Soft Circle
Full Bloom
Eastern Developments
2007
B-



hisham Bharoocha—Soft Circle—is from north Brooklyn. And for all the stereotypes about the north Brooklyn, it’s a peaceful place. Lots of yoga teachers in north Brooklyn. Lots of not-so-great paintings with bright colors and owls in north Brooklyn. Lots of bands into the Native American war whoop—Animal Collective, Liars, Black Dice (for whom Bharoocha used to, well, drum), Gang Gang Dance. The appeal is simple: anyone can do it if they have the sprit, if they let go hard enough to the warmth of hippiedom, if they can tap in to the veins of the feathered serpent Quetzalcoatl and so forth. Much of it is bullshit, but thrilling bullshit, bullshit that promises to break you out of your body by force—the extremity of Liars or the fact that Black Dice started out as a hardcore group—or by new-agey meditation.

Full Bloom is a lithe record. Part of the time, Bharoocha strolls through wordless chants flanked by synth squiggles without a dissonant interval in sight, all deeply om (save the oddly techno bassline of closer “Earthed” or the glorious, off-kilter tangle of synth-marimba on “Sundazed”). The rest of the time, same wordless chanting but now with drums!: big, soft, kiddie drums, thumping along with no particular direction, no panting frenzy, perfectly content to bliss out at medium heat. Either way, the point is that it skims. It’s an absurdly easy listen, which can mean two things: either you will be so deeply into it that you’ll almost forget that it’s on (hypnosis—I did this the other day until a friend snapped me out of it by asking me if it was the soundtrack to Jurassic Park), or you, tired of take-it-or-leave-it jams, might actually just forget that it’s on and do something engaging like walk to the grocery store.
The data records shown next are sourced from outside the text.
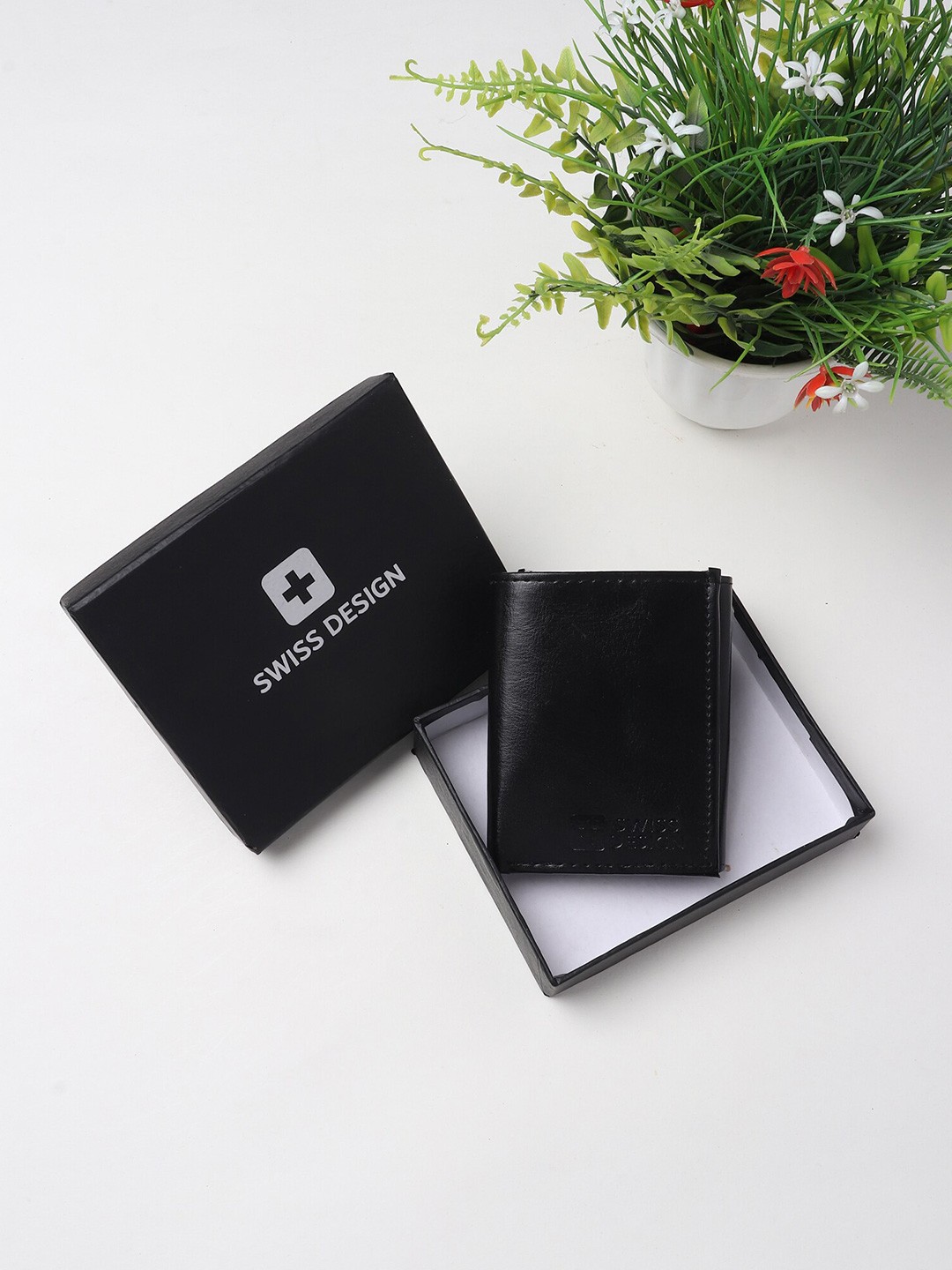 

Swiss Design Men Black Three Fold Wallet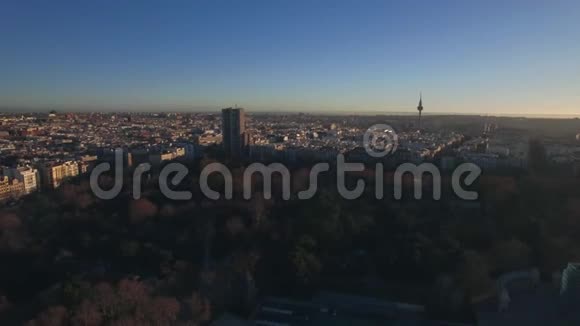 西班牙马德里的空中全景冬日清晨的情景视频的预览图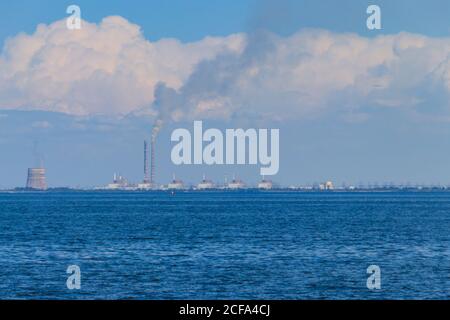 Vista del lago artificiale di Kakhovka e della città di Enerhodar all'orizzonte. Regione di Zaporizhia, Ucraina Foto Stock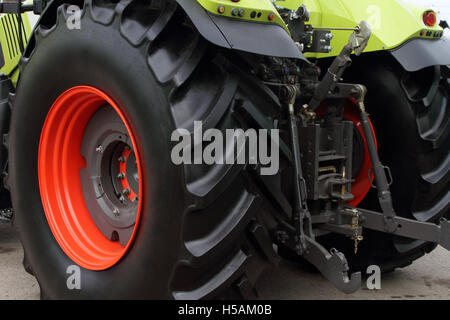 Et l'attelage du tracteur moderne de roue Banque D'Images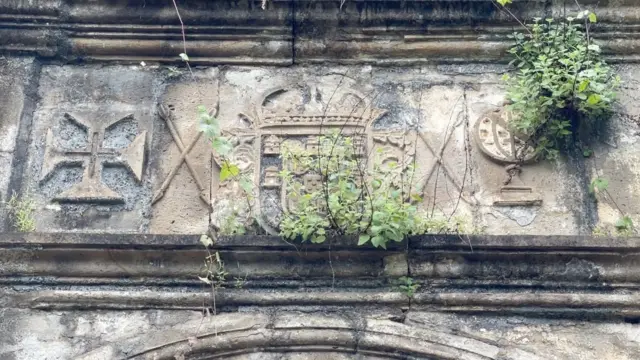 पोर्तुगीजांच्या नगरपालिकेवरील राजचिन्ह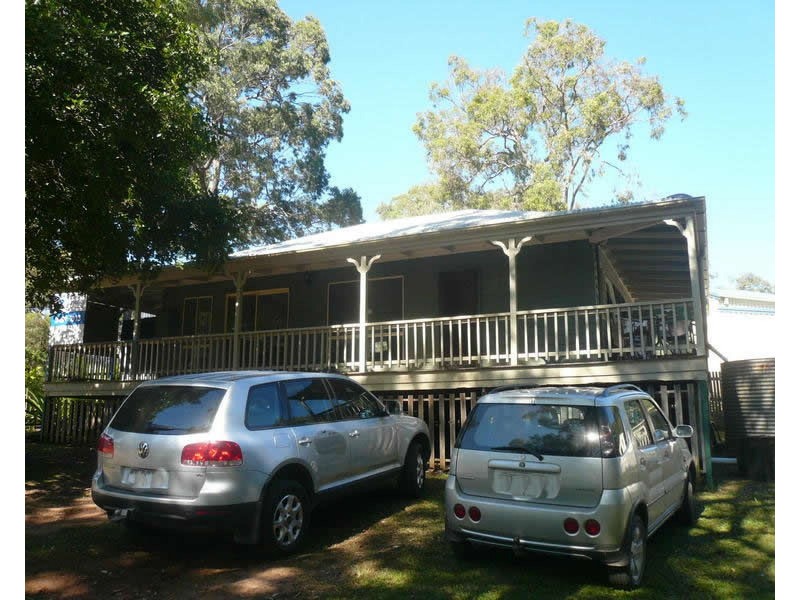 29 High Central Road, Macleay Island QLD 4184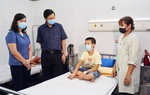 Phụ huynh phải lấy cớ mang chăn để vào trường xem con ăn bán trú thế nào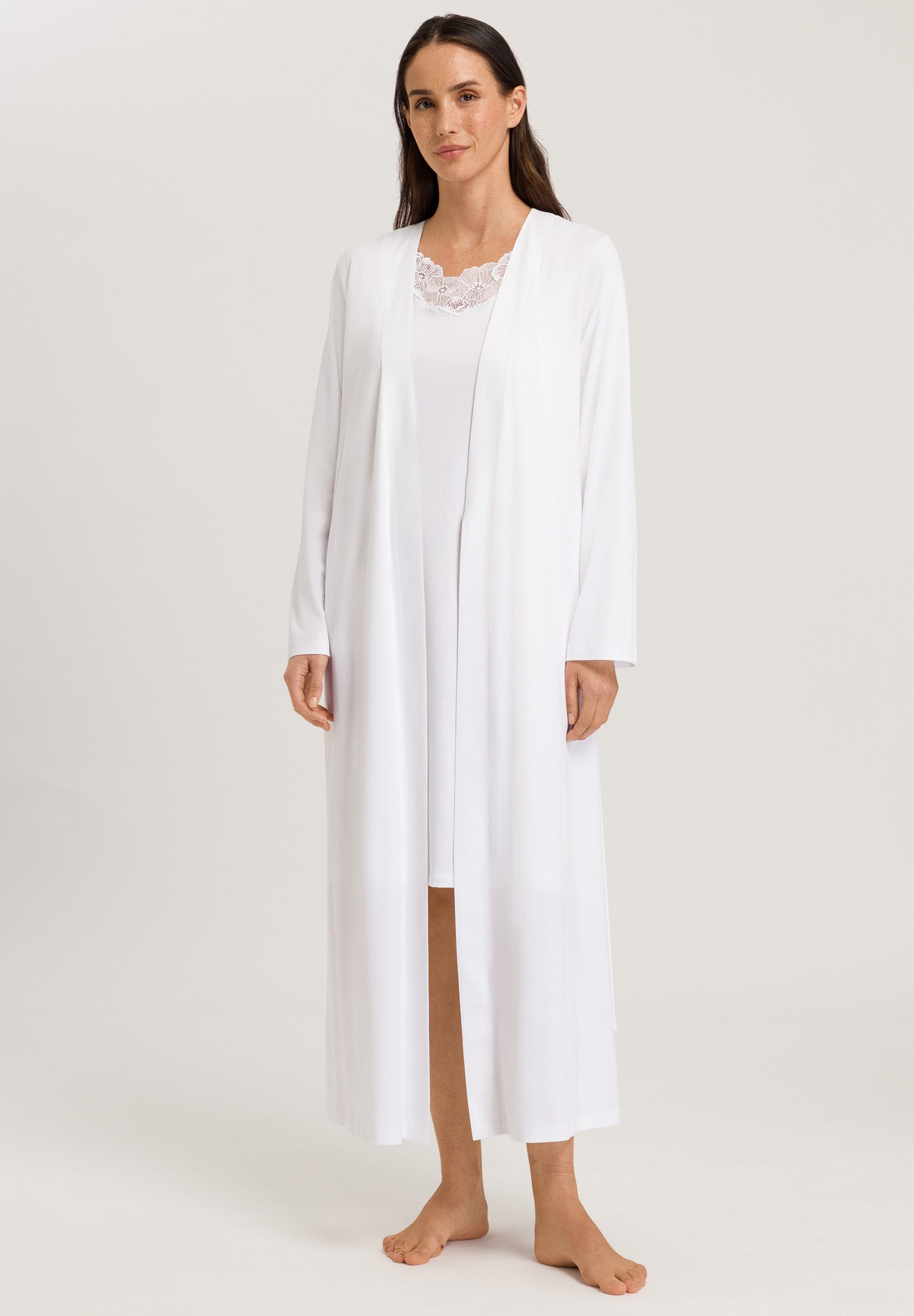 74999 Naila Robe 130cm - 101 White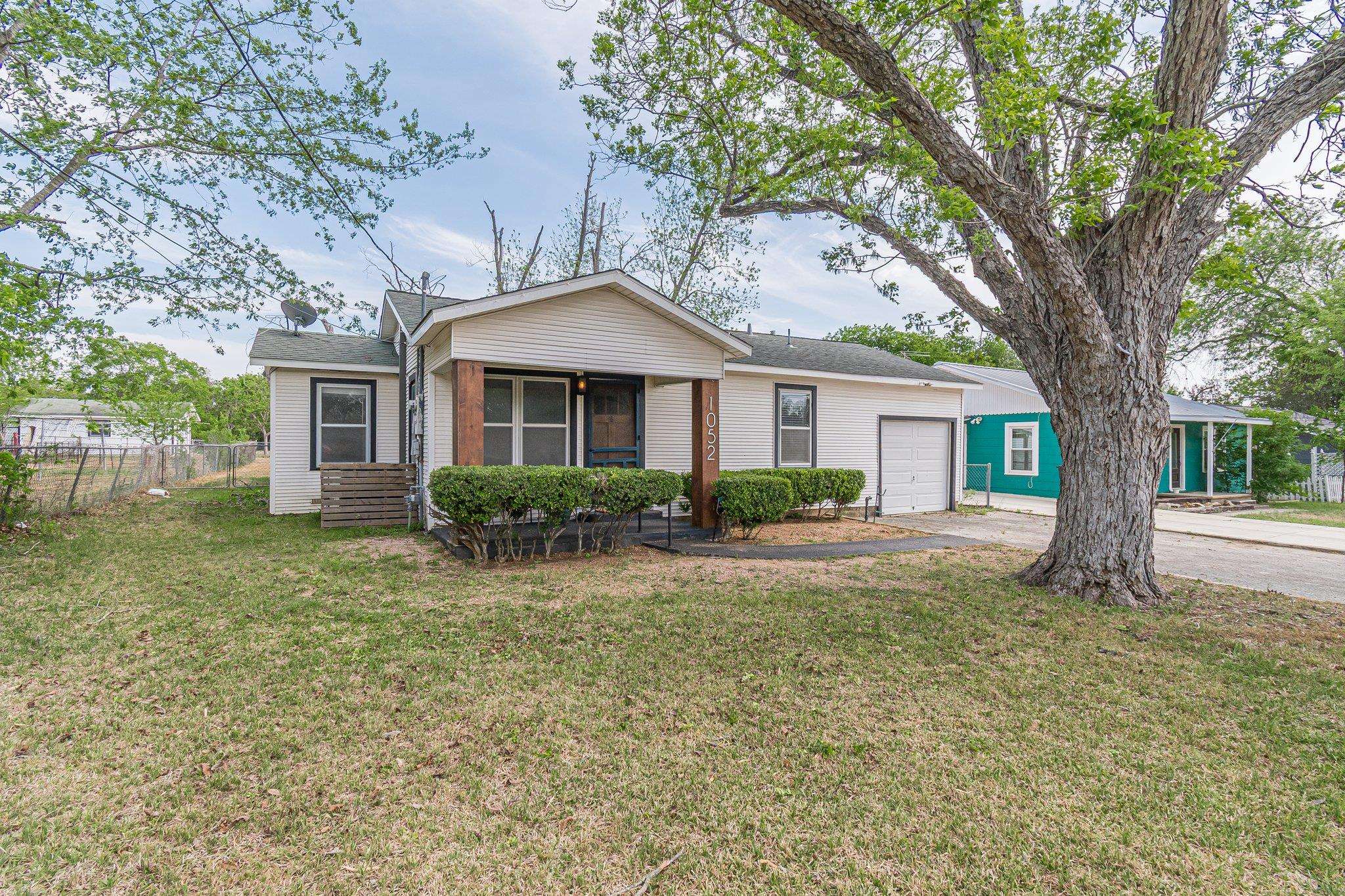 1052 Dunlap DR, New Braunfels, TX 78130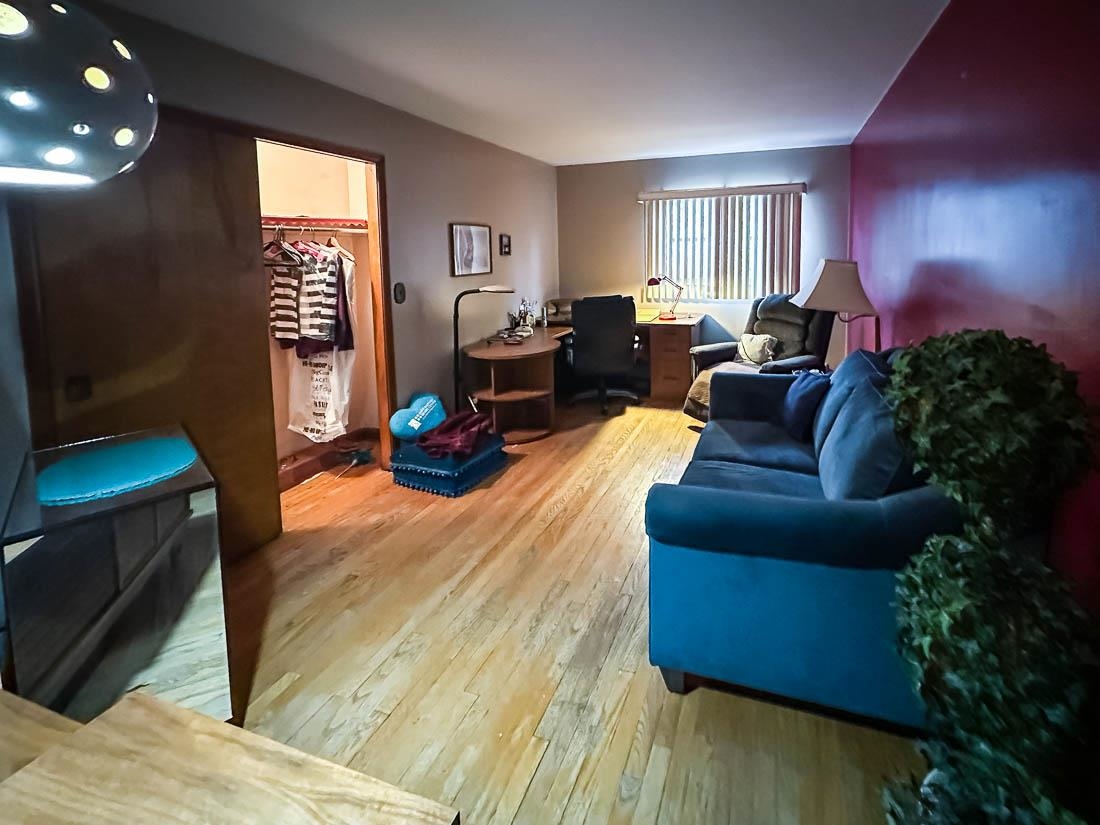 271 Pearsall Ave, Jersey City, New Jersey image 17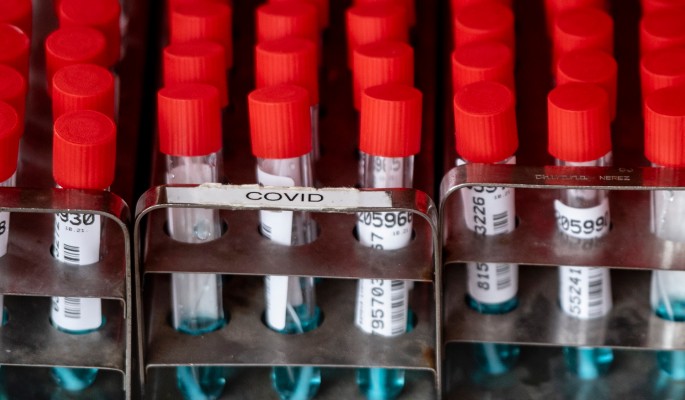 Россия закрывает границы из-за смертоносного штамма коронавируса из ЮАР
It’s interesting to look back and see how firmly the neo-psych crowd—and there is one; an indie scene weaned on folk, world, contemporary classical, electronic, and other non-rock cues—has split. In 2002 an anxious features writer would’ve been more than happy to lump in acid-folkies with bands like Soft Circle, but records like Full Bloom make it clear that the subliminal patter of exotic gnat-pickers like Bharoocha is definitely coming from the other side of the river from the hurdy-gurdy wail. It’s all rhythm and texture. There’s little ornament and no wit. You could remix it and it’d be big and dumb and gorgeous (Eye from the Boredoms, clearly a huge influence on Bharoocha and a sometime-partner in Gatax, has been doing this in the past several years). [You can’t remix Joanna Newsom without sounding like an ass or Girl Talk.] Full Bloom is a neo-psych album that breaks the routine of immersion by sometimes almost disappearing—it might be a contradiction, but it’s no battier or less charming than a yoga teacher in north Brooklyn.